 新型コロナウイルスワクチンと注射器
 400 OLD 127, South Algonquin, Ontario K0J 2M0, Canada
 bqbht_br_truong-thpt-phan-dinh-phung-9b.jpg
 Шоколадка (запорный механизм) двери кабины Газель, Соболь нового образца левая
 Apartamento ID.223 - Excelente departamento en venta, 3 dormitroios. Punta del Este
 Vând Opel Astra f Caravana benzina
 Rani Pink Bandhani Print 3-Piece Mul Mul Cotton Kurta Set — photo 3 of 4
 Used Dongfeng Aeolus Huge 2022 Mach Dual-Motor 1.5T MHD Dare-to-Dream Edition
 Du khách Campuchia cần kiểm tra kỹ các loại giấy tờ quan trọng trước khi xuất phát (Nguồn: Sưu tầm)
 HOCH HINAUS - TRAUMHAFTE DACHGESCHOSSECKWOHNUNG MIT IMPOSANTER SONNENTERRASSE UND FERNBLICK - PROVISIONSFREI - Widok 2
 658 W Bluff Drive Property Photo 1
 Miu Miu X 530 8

**Directions**:
Exactly the lines between the one containing "Vând Opel Astra f Caravana benzina" and the end of the material, both ends included, must be retyped, with nothing added.

**Solution to this task**:
 Vând Opel Astra f Caravana benzina
 Rani Pink Bandhani Print 3-Piece Mul Mul Cotton Kurta Set — photo 3 of 4
 Used Dongfeng Aeolus Huge 2022 Mach Dual-Motor 1.5T MHD Dare-to-Dream Edition
 Du khách Campuchia cần kiểm tra kỹ các loại giấy tờ quan trọng trước khi xuất phát (Nguồn: Sưu tầm)
 HOCH HINAUS - TRAUMHAFTE DACHGESCHOSSECKWOHNUNG MIT IMPOSANTER SONNENTERRASSE UND FERNBLICK - PROVISIONSFREI - Widok 2
 658 W Bluff Drive Property Photo 1
 Miu Miu X 530 8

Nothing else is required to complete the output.